AI-driven routing (part 5) Challenges and Open Issues.

A series of Smart Routing based on AI.
type: insightlevel: advanceguides: smart_routing

In previous parts, we have mentioned about hybrid smart routing and its effectiveness. Although AI&ML-driven networking control is a potential paradigm for future networks, numerous problems remain, and much more effort is required. In this part, I'll go through the key problems and unresolved concerns surrounding AI&ML-powered networking. The Challenges and Open Issues, including:

  • New Hardware Architectures.
  • Promoting Machine Learning Algorithms
  • Advanced Software Systems.


New Hardware Architectures

As a result, every advancement in upper-level services is predicated on considerable improvements in the underlying hardware, such as a CPU for general-purpose calculations, a digital signal processor (DSP) for a communication system, and a GPU for image processing. In the same way, a dedicated AI networking processor is urgently needed to satisfy the demands of the AI-driven networking age.

Millisecond after millisecond, the current networks create a myriad of various sorts of fluxes. Such large data sets make it difficult to run AI systems. As of now, routers lack the computational power necessary for AI&ML implementation. GPU and Tensor Processing Unit (TPU) chips have recently become a cornerstone of the AI age as highly parallel, multicore, multithreaded computers. According to certain research, the use of a GPU can enhance packet processing capabilities. However, due to the necessity for high-speed processing of huge quantities of data (more than 10 Gb/s) and rigorous reaction delay requirements (less than 1 ms) for future networks, there is still a significant gap between universal AI processor chips and their real networking implementation possibilities. See Figure 1 to 3 for more details about CPU, GPU, TPU, and DPS.


Figure 1: Differences between CPU and GPU (Source).


Figure 2: TPU Architecture (Source).


Figure 3: DPS Architecture (Source).

Promoting Machine Learning Algorithms

Despite the fact that several ML algorithms have been created, contemporary ML methods are generally motivated by the demands of certain existing applications, such as Computer Vision (CV) and Natural Language Processing (NLP). Convolutional neural networks, for example, are intriguing and powerful tools for image and audio recognition that can reach superhuman performance on a variety of tasks. However, the networking domain requires very distinct theoretical mathematical models than those found in the disciplines of computer vision and natural language processing. Convolutional or recurrent layers may not perform well in the networking area. Furthermore, networks include considerably more data and severe reaction time requirements, posing significant hurdles for ML implementation. As a result of the rigorous needs and particular characteristics of the networking domain, both modification of current algorithms and invention of new ones will be required. As a result, attempts to fulfill the demands of the networking domain as a new application area for ML will propel advancements in both the ML and networking domains to new heights.

Advanced Software Systems

Currently, network data handling is facing typical big data difficulties; recent years have witnessed a threefold rise in total IP traffic and a >60% increase in the number of devices installed and the amount of telemetry data transmitted in near real time. Meanwhile, the geo-distributed nature of networking makes widespread adoption of systems for network data analytics much more challenging. For example, determining how to combine data such as log data, metric data, and network telemetry data; scaling up to the consumption of millions of flows every millisecond; and efficiently sharing information across distant network nodes are all problems. Current end-to-end solutions are highly complicated and time-consuming, combining various technologies like as Apache Spark and Hadoop MapReduce.

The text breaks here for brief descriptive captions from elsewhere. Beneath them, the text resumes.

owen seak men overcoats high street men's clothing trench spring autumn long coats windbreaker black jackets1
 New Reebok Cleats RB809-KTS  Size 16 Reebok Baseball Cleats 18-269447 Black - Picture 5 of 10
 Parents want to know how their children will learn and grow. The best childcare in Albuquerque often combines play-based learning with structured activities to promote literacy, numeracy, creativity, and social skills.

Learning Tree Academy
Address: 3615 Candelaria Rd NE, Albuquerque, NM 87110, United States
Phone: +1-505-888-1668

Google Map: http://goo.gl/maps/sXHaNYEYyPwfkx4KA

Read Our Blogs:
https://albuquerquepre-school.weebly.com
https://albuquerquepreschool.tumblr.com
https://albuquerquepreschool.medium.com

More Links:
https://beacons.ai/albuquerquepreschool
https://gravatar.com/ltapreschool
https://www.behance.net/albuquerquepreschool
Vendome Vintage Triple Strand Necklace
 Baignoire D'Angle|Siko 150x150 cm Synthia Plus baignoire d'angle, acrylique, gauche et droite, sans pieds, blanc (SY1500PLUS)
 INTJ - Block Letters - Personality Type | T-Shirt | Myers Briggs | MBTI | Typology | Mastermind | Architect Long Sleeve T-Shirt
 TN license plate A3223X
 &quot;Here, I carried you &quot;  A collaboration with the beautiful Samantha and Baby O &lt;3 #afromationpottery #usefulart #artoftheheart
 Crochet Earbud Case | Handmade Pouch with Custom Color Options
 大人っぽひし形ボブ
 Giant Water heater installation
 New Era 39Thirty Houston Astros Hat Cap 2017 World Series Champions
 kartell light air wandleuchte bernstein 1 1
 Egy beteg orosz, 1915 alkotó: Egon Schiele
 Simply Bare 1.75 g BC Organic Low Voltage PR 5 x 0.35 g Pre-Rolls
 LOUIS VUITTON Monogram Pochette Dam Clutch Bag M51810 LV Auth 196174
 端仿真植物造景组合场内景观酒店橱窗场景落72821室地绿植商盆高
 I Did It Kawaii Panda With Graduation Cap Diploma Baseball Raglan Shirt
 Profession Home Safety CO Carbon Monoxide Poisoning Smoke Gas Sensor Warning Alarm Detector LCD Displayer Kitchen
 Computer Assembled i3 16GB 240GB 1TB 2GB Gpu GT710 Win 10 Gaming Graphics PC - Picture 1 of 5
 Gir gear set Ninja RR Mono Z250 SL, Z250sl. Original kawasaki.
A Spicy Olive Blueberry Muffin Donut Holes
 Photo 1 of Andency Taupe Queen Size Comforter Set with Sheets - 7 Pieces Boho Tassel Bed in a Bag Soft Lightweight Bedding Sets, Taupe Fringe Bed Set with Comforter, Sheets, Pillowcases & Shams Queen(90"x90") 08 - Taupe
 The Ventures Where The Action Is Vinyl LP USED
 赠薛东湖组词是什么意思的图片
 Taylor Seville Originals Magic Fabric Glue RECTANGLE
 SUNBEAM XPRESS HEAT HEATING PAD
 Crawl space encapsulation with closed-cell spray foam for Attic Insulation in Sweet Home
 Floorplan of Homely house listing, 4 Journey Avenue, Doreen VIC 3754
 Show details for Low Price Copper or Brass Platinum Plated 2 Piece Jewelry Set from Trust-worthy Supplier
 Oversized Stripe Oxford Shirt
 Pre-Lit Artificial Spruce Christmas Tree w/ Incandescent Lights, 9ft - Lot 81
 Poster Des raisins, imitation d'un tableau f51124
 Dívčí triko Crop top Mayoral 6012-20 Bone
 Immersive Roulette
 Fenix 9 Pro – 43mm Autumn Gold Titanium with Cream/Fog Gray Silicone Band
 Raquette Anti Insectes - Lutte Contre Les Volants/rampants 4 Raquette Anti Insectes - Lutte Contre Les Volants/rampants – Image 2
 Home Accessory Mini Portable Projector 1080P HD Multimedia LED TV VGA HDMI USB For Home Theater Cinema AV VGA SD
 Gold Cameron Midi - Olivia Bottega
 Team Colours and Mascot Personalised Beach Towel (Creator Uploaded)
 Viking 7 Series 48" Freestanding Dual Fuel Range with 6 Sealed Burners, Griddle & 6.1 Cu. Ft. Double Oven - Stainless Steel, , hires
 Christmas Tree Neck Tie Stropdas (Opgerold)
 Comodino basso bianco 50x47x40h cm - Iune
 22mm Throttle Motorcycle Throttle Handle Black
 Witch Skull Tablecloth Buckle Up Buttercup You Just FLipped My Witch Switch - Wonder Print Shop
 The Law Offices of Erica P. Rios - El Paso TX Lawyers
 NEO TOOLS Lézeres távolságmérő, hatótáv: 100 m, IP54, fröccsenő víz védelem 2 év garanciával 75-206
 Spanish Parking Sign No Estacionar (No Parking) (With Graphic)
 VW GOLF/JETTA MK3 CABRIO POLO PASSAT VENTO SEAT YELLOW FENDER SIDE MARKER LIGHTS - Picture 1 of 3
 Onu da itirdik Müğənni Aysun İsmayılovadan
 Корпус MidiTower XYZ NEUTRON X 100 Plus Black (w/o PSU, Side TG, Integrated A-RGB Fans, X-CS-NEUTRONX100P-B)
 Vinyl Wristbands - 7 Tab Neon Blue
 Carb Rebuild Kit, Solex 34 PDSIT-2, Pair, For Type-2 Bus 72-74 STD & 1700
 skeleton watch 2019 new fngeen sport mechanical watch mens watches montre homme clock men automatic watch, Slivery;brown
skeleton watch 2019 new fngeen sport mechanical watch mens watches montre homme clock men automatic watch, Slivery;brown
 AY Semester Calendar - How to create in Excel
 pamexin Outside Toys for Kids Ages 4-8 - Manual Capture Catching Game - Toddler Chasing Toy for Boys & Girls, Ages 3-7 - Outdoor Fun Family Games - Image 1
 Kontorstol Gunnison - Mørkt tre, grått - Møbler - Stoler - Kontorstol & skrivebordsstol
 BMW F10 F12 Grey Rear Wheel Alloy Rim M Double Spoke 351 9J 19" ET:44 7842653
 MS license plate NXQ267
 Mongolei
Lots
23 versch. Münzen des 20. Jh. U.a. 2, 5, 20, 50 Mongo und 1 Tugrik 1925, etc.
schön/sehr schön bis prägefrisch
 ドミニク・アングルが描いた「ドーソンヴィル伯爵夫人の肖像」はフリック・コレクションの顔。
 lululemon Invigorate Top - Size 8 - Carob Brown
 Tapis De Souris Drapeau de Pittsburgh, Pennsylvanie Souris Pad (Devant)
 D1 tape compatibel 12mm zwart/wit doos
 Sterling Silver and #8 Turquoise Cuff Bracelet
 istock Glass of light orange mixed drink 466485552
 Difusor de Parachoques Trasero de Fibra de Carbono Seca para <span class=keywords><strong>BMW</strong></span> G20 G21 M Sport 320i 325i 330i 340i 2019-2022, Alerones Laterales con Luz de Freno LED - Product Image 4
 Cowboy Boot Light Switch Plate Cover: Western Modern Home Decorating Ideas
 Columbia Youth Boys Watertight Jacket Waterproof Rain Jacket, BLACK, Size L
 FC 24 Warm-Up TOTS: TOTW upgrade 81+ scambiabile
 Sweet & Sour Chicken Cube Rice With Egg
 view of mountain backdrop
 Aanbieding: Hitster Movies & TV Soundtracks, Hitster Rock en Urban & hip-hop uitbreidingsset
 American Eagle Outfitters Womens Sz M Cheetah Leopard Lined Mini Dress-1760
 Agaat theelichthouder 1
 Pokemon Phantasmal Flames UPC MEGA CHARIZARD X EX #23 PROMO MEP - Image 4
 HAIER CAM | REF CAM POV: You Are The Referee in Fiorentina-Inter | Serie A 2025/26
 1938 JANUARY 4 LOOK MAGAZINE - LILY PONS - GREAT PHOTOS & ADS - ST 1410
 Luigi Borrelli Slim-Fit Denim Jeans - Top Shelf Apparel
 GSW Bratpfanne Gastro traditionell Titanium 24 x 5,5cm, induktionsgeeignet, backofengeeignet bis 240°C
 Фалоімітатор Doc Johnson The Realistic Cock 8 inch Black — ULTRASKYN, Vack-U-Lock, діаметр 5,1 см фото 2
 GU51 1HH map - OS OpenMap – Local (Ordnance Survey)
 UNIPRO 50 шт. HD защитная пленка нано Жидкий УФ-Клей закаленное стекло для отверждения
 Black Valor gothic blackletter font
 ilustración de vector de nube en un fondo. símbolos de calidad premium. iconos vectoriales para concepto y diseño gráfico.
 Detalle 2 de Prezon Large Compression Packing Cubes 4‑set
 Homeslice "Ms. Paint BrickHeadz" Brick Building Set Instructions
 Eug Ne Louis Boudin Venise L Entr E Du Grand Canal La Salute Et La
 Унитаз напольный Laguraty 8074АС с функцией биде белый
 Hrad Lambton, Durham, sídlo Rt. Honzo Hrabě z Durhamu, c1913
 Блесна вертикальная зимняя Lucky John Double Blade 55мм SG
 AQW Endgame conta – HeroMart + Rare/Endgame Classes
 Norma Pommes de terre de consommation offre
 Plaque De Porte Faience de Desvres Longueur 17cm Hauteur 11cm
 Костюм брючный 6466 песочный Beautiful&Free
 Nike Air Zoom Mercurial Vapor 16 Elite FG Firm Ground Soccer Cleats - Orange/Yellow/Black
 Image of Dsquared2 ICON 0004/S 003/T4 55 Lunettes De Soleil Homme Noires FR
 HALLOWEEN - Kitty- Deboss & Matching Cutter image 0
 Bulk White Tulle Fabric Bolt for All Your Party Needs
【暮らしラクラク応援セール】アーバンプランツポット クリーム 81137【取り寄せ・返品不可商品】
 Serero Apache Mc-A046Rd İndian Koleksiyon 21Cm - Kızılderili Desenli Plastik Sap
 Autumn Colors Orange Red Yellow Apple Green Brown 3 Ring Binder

As a result, a strong, scalable big data analytics platform for networks and network services is required.

Furthermore, software libraries for ML networking activities are a critical enabler for AI-based networking. High-level programming interfaces for developing, training, and evaluating ML algorithms are provided by ML frameworks. Current machine learning frameworks, such as TensorFlow, Caffe, and Theano, are built for general-purpose applications and put an undue load on the networking domain. They must be further tuned to meet the demands of networking applications, such as fast processing speed, low complexity, and light weight. See Figure 4 for comparision between different ML frameworks with different criteria.


Figure 4: DPS Architecture (Source).


In the whole series, we first looked at two deployment models for an intelligent control plane in a network, as well as the benefits and drawbacks of the centralized and distributed paradigms. Then, to satisfy the demands of various network services, we visited a hybrid ML paradigm for packet routing that combines distributed AI routers with a centralized network mind. We use a centralized AI control plane for tunneling-based routing and a hybrid AI architecture for hop-by-hop routing in the paradigm. Finally, we examined the effectiveness of smart routing and open challenges in this field. We hope that the series provides meaningful information for readers who are interested in AI-based routing.